One common reason is that homeowners are used to the lender paying the property taxes as part of the escrow process, but then find themselves responsible for the taxes once they pay off their mortgage.

It is easy to miss the payments when you are not used to paying them. Another way could be fighting a high property tax and just conveniently forgetting to pay. A little wink and nod on this one.

The municipality that you pay property taxes to has the option of selling a tax lien to another party that can try to enforce the lien. The third-party may push to have you pay the property tax debt, or it may sell the lien to yet another party.

Regardless of who has the lien, if you try to sell your home without addressing the debt, then you will run into problems.

Contractor Liens

Many homeowners sign agreements with home contractors without reading the fine print. Sometimes these agreements include a section that gives the contractor the right to place a lien on the property if the contractor is not paid in full.

A contractor lien is just another description for a mechanics lien.

Things get more complicated in these situations because contractors usually don’t hold on to the lien. Instead of trying to get the money from you they will sell the lien so they can get their money immediately.

That leads to a third-party coming to collect the debt from you and complications with your home sale.

Credit Liens

Having credit card debt is incredibly common, but fortunately, credit card companies cannot put a lien on your home unless they go to a lot of trouble to do so.
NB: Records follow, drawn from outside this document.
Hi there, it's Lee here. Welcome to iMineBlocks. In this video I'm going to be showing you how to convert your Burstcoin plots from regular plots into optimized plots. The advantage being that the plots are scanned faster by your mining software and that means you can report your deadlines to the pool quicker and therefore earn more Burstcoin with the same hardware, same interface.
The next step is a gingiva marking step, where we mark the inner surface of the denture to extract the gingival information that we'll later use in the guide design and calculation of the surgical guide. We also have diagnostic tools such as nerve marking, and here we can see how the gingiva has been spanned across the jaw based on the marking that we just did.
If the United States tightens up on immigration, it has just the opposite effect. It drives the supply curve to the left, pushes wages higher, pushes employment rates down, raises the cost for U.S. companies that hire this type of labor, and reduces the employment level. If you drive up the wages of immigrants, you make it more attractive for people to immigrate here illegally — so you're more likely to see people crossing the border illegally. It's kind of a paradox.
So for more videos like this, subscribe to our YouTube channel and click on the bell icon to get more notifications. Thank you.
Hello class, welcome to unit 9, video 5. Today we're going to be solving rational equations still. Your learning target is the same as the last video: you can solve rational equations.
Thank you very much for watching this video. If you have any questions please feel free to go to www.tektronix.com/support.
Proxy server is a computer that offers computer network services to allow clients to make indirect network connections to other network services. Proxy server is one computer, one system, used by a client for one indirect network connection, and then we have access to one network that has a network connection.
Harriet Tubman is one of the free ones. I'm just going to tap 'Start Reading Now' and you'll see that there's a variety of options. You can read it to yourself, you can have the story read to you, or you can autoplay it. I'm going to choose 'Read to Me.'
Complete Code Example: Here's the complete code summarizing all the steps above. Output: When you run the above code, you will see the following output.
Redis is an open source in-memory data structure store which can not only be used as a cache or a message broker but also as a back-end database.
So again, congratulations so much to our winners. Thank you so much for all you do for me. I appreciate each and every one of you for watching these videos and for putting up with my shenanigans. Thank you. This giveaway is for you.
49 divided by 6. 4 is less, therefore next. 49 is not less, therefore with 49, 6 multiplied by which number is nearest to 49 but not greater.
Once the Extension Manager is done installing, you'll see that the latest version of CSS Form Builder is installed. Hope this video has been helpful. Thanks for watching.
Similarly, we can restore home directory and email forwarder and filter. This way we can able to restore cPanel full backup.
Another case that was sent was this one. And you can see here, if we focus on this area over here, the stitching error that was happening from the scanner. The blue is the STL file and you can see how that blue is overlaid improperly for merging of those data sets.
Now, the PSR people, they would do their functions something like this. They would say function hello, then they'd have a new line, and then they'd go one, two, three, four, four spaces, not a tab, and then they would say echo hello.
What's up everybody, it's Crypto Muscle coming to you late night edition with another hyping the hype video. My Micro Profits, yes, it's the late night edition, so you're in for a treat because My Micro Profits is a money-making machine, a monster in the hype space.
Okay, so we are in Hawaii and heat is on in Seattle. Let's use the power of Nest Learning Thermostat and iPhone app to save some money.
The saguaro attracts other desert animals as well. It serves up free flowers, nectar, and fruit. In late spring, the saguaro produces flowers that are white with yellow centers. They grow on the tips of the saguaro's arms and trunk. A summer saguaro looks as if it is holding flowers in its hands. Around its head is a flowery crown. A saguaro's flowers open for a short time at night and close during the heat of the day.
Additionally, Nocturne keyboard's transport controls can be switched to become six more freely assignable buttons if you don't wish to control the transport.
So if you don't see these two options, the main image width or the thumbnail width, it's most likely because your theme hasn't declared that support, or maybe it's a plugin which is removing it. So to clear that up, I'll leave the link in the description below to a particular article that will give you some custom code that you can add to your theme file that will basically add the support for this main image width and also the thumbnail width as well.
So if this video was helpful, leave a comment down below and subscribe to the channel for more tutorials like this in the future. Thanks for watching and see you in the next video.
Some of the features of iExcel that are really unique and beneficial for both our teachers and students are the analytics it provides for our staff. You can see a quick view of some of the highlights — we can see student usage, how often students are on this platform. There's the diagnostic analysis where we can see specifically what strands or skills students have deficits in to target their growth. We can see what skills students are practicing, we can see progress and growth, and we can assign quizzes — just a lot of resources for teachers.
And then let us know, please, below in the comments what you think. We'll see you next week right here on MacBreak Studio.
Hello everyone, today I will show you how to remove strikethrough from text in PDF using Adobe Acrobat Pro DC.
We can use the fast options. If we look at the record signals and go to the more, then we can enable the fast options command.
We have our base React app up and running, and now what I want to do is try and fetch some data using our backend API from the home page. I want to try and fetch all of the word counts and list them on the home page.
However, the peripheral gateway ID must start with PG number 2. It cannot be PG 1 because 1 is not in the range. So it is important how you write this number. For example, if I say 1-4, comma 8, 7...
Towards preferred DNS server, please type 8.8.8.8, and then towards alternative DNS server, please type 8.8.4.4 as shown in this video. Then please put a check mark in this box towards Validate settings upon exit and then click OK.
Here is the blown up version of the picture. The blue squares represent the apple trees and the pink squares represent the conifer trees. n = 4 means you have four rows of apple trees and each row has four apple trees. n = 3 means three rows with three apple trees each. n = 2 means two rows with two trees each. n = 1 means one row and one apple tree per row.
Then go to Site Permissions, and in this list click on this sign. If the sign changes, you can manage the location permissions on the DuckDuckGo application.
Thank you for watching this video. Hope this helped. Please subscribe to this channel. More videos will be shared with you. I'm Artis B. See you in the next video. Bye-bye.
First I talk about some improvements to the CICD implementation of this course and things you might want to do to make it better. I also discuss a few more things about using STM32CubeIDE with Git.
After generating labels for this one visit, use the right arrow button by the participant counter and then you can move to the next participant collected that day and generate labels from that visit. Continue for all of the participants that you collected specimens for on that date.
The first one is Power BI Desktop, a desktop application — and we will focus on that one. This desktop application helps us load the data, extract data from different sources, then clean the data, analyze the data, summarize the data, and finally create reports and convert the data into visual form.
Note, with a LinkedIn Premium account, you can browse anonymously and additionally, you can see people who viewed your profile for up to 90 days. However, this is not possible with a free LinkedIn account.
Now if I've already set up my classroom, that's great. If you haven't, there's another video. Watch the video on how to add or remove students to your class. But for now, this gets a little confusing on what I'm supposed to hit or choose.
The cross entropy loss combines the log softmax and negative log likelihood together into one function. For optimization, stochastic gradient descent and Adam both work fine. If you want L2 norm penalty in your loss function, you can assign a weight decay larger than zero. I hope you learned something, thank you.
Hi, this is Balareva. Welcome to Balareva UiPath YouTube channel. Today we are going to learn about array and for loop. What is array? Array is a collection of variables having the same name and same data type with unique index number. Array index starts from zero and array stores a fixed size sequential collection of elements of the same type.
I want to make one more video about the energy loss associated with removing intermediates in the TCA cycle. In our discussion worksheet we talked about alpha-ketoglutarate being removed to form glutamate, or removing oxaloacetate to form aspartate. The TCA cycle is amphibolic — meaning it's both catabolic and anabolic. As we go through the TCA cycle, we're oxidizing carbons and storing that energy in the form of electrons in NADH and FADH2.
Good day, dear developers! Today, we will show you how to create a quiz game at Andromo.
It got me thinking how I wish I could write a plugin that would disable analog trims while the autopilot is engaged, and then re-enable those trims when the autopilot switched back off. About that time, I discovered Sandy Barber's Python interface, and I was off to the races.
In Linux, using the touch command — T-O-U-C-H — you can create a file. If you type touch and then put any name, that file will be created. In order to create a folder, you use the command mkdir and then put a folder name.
For them to get a lien, they first need to have a court decide a judgment against you.

It is possible for creditors to place a lien on your home if you agree to it at the beginning, such as if you give the creditor written authorization when you try to get a loan. Over the course of my thirty-one years selling real estate, surprisingly I have seen some credit liens.

Back when short sales were in vogue, I would do a lot of these kind of transactions representing sellers who needed financial assistance. While going through the process, quite a few of these sellers had run up some credit card debt.

The attorney I worked with would have to negotiate a settlement in these circumstances.

Environmental Control Board Violations

Yes, it is possible to have a lien placed on your home if you fail to meet the requirements of your local environmental control board—like if you do not fix a potential hazard they have identified, or possibly even if you don’t clean up your property to meet the board’s standards.

This type of lien is far less common but worth mentioning none the less.

You Can Get Liens Removed

If you have a lien on your home and need to get it removed, you can do it. The process of getting a lien removed is relatively simple. You just have to pay the debt that leads to the lien. Once you have paid the debt, you need to get a “letter of satisfaction” from the party that filed the lien.

You need to take the letter to your local county clerk and ask for the lien to be removed. You will also want to make copies of the letter and make sure that the three major credit reporting agencies get a copy.

If you have no interest in doing this kind of work, then hire a local real estate attorney that deals with lien removal.

You May Also Be Able to Make a Deal

While it may seem simple enough to pay a debt and have a lien removed, the fact is that some debts are too big to pay—or you don’t really agree that you should have to pay them. When you find yourself in this situation, try talking with the party that filed the lien and see if you can make a deal.

Many will agree to remove a lien if you agree to payments or to pay part of the debt. Sometimes you can’t get blood out of a stone. Many smart creditors realize this after doing a bit of research. If that is the situation, you could end up paying pennies on the dollar to get the liens dealt with.

Hopefully, you have enjoyed the advice on how to deal with a lien when selling your home. It is highly advisable in situations such as these to hire a qualified real estate attorney.